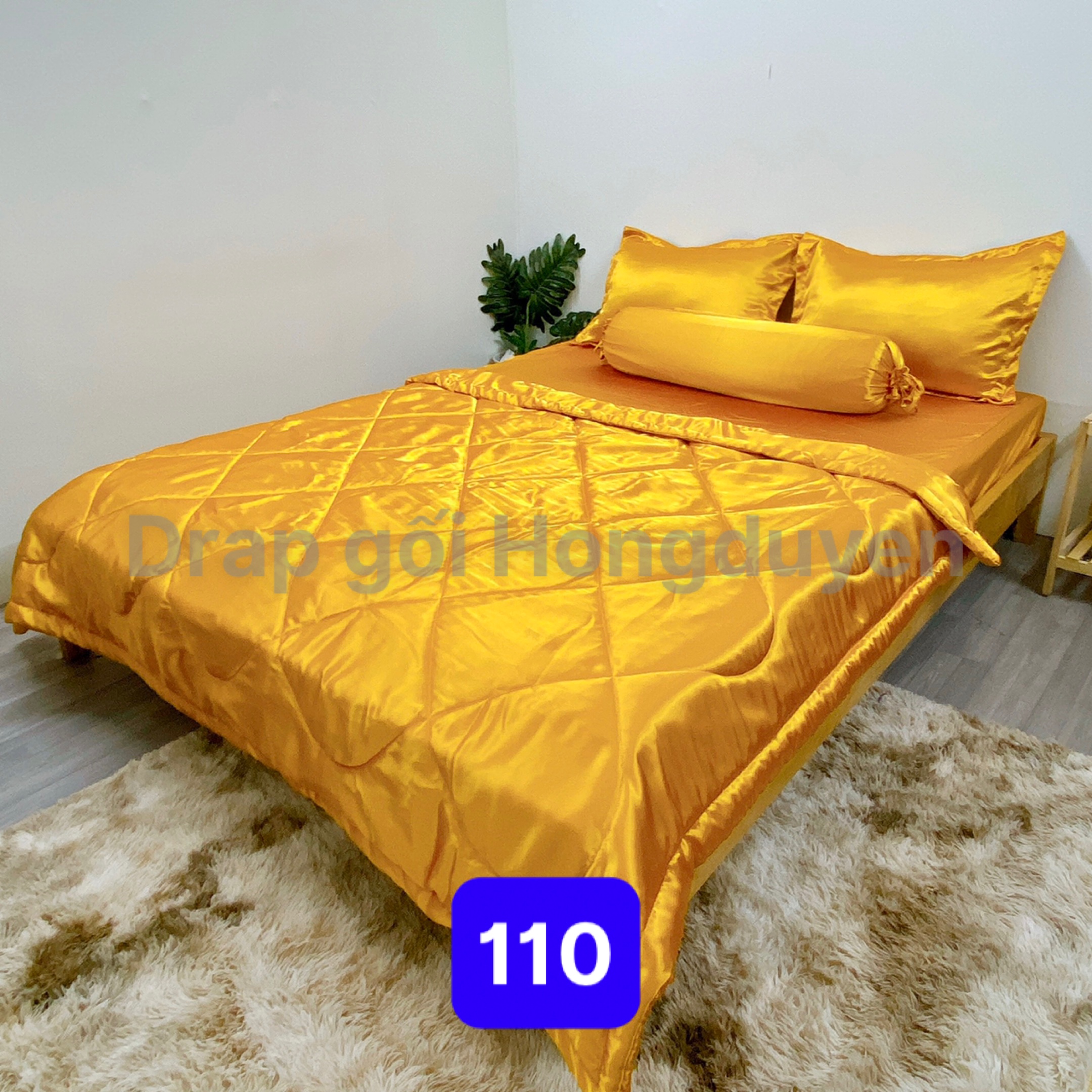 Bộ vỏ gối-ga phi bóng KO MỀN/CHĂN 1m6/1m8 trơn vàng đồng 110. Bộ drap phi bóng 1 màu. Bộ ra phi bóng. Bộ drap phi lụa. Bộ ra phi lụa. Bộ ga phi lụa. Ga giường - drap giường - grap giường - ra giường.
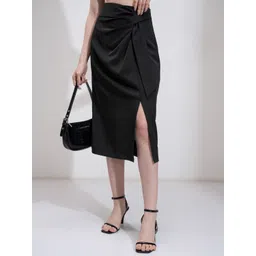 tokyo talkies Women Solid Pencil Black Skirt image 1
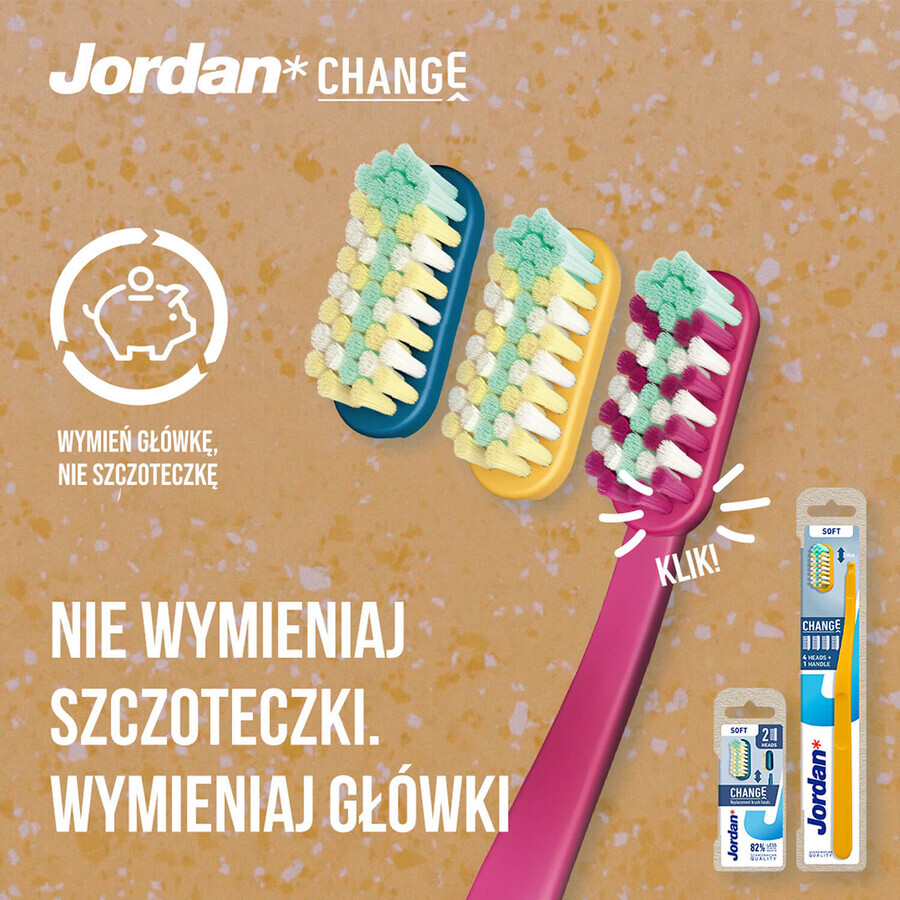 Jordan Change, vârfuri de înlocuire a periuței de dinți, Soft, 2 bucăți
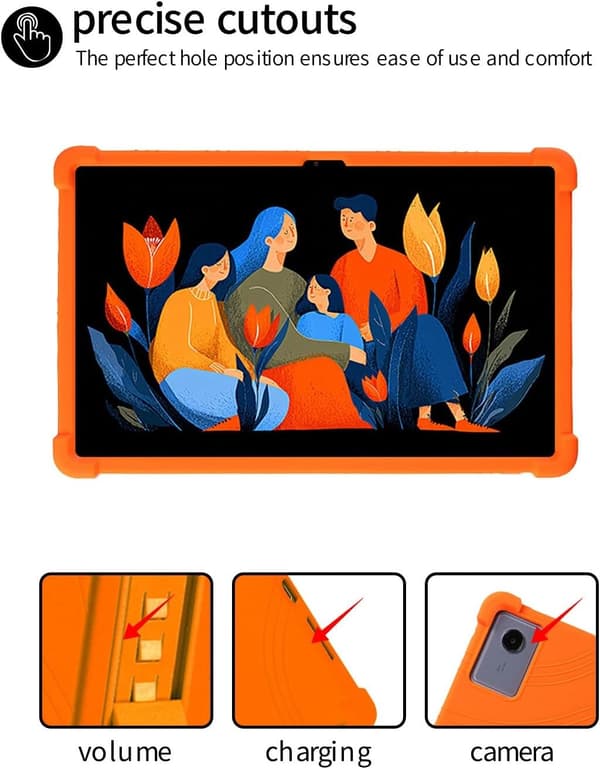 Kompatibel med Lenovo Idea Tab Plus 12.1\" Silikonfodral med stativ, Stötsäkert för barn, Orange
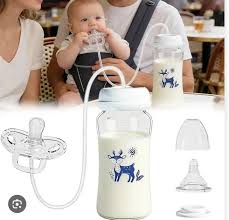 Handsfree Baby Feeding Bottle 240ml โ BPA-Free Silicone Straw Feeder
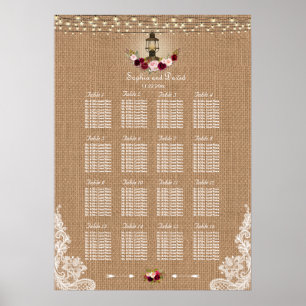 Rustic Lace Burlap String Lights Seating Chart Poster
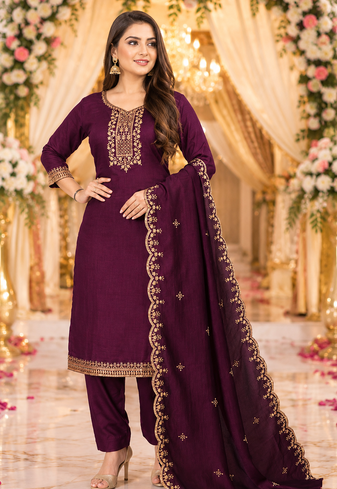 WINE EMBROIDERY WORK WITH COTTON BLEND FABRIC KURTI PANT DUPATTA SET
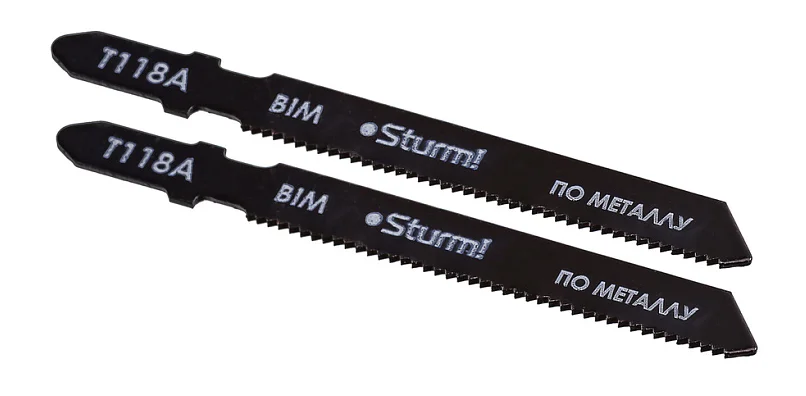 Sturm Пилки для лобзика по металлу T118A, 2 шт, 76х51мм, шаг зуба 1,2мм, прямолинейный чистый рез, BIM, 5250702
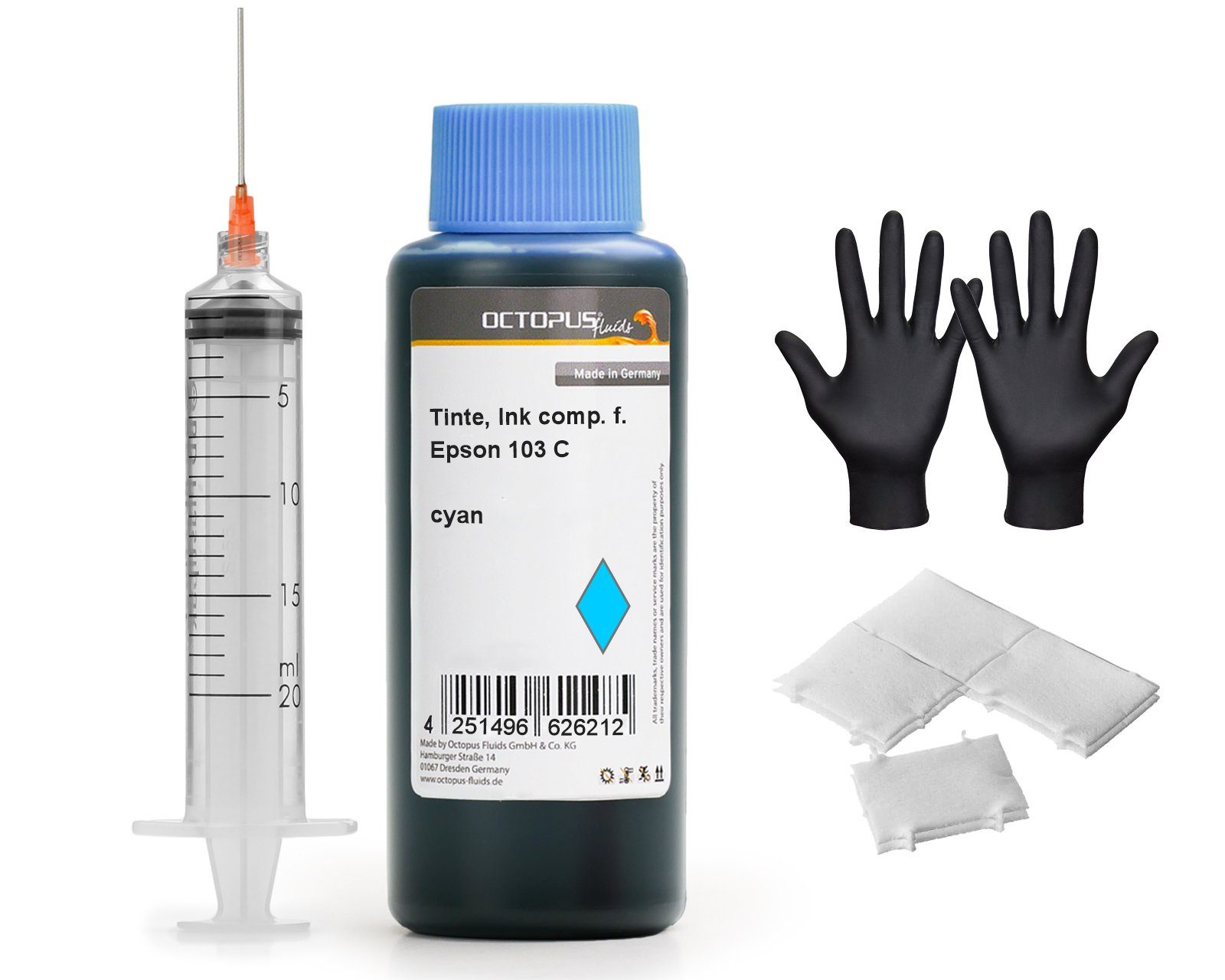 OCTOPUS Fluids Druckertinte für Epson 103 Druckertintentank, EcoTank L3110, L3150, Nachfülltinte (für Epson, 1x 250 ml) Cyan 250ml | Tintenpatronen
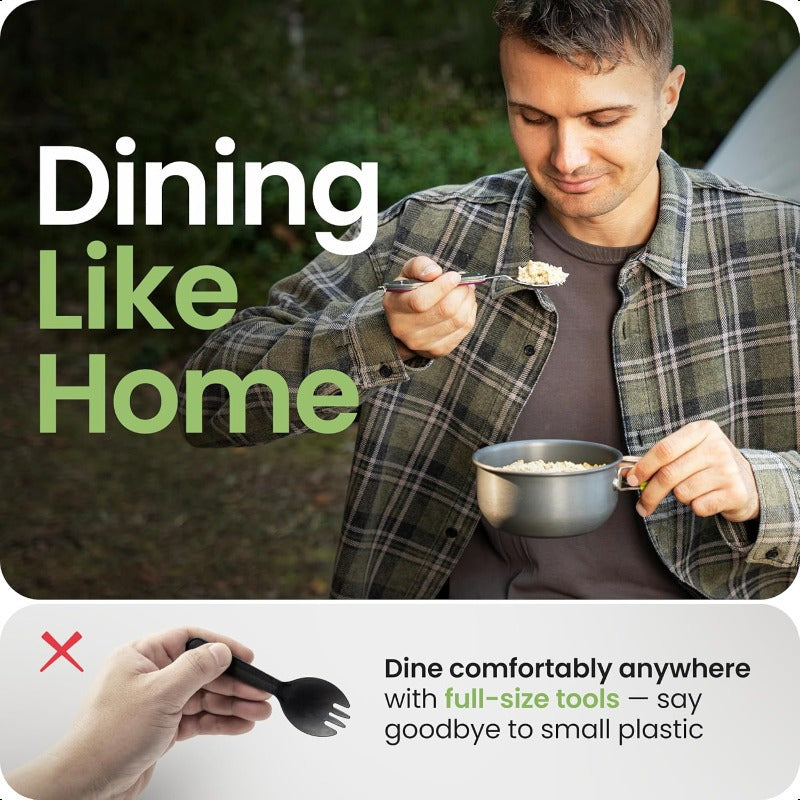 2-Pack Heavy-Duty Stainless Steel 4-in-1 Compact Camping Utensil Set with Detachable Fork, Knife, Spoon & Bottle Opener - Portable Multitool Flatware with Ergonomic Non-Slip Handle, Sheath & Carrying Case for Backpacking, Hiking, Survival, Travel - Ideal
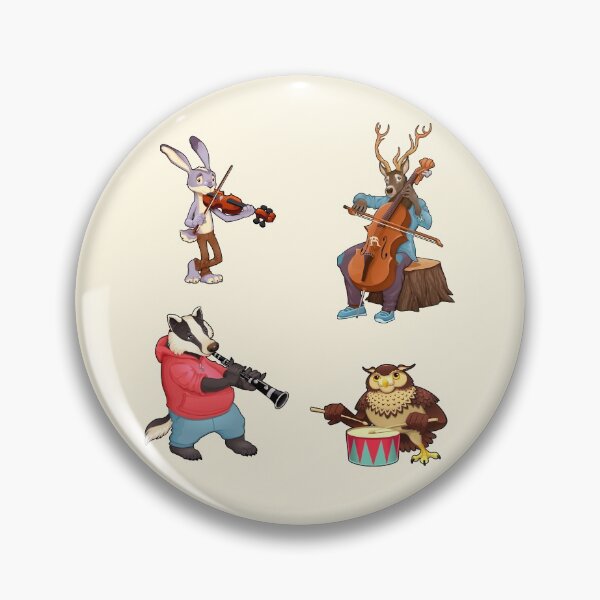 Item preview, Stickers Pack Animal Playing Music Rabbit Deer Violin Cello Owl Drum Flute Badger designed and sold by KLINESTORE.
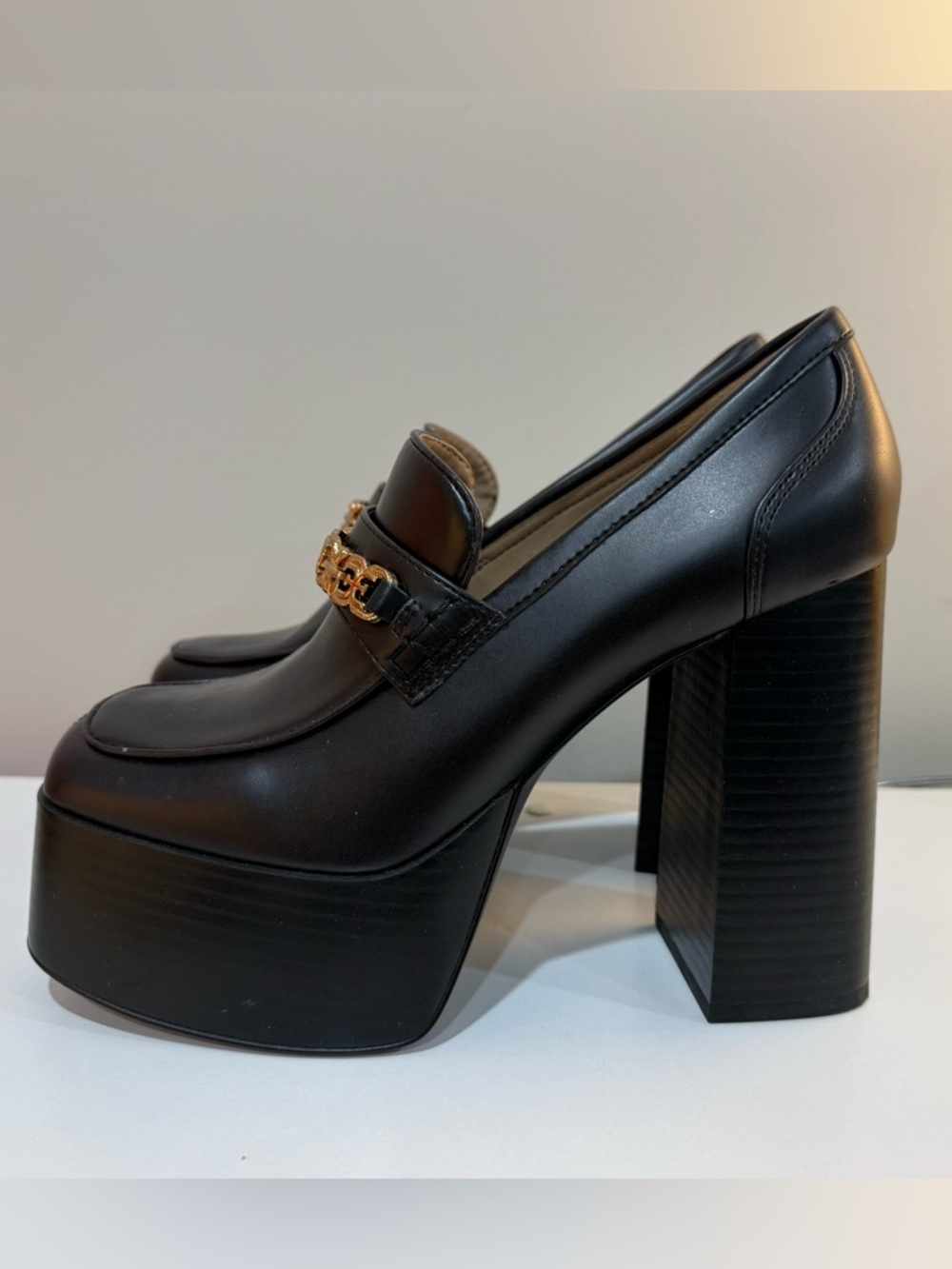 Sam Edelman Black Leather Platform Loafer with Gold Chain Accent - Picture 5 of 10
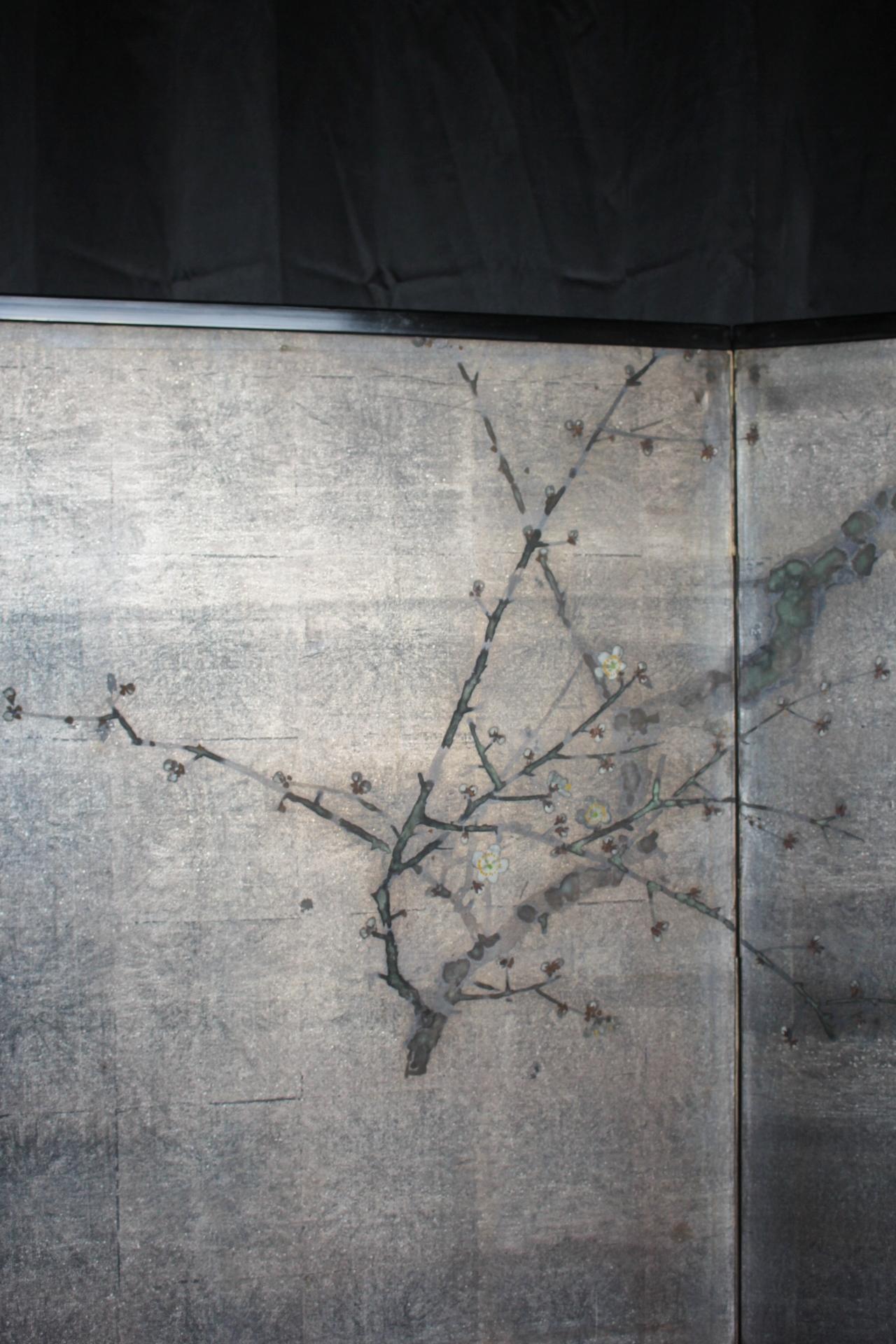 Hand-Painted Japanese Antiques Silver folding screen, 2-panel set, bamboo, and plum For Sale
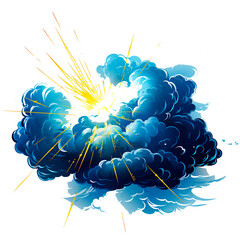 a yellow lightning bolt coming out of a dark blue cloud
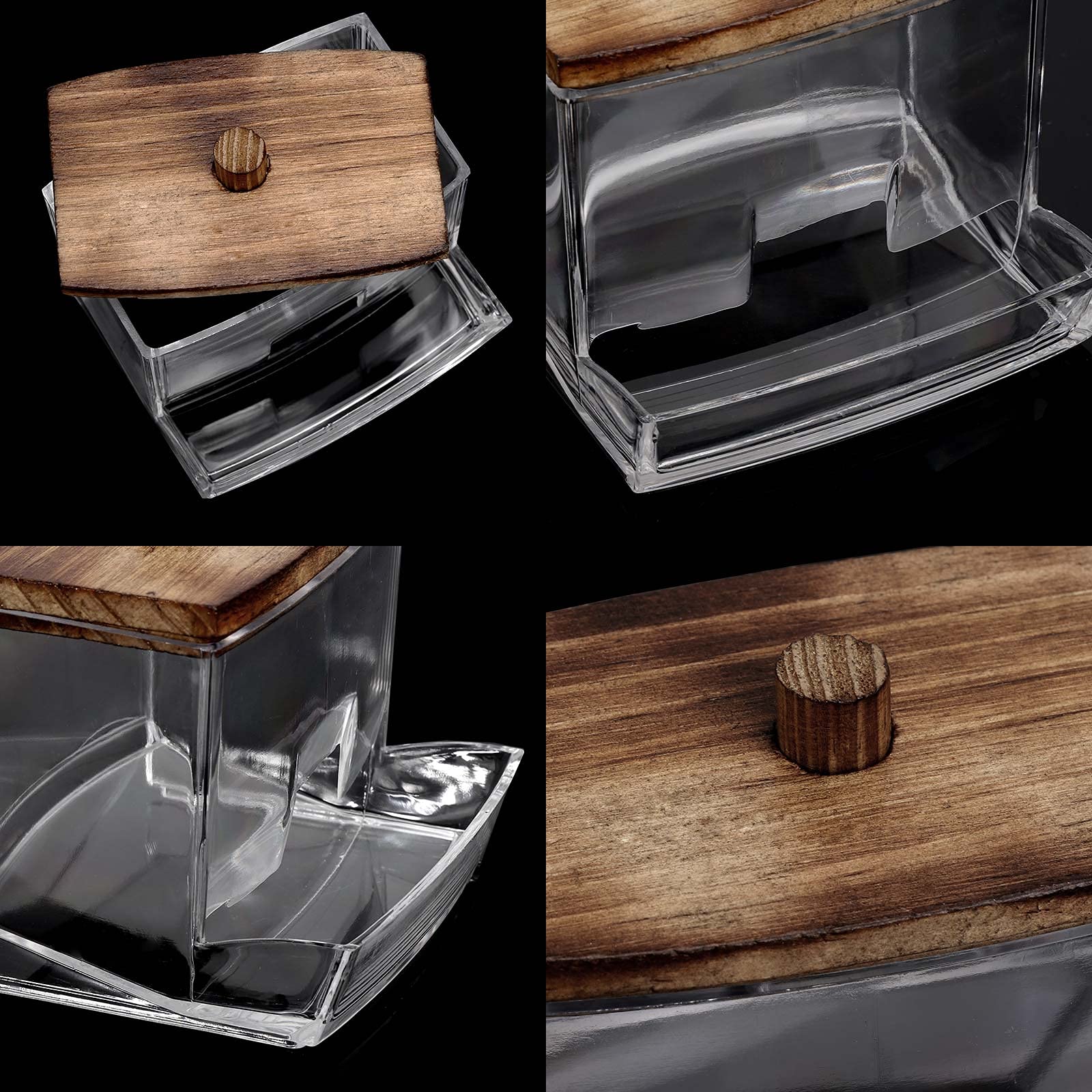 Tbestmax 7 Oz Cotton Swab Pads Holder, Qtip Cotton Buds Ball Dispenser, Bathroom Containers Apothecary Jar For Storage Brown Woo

What you should do
Without including any pictures, set down word for word every line from the one containing "2-Pack Heavy-Duty Stainless" through the last line of the material.

Exercise response
 2-Pack Heavy-Duty Stainless Steel 4-in-1 Compact Camping Utensil Set with Detachable Fork, Knife, Spoon & Bottle Opener - Portable Multitool Flatware with Ergonomic Non-Slip Handle, Sheath & Carrying Case for Backpacking, Hiking, Survival, Travel - Ideal
 Item preview, Stickers Pack Animal Playing Music Rabbit Deer Violin Cello Owl Drum Flute Badger designed and sold by KLINESTORE.
 Sam Edelman Black Leather Platform Loafer with Gold Chain Accent - Picture 5 of 10
 Hand-Painted Japanese Antiques Silver folding screen, 2-panel set, bamboo, and plum For Sale
 a yellow lightning bolt coming out of a dark blue cloud
 Tbestmax 7 Oz Cotton Swab Pads Holder, Qtip Cotton Buds Ball Dispenser, Bathroom Containers Apothecary Jar For Storage Brown Woo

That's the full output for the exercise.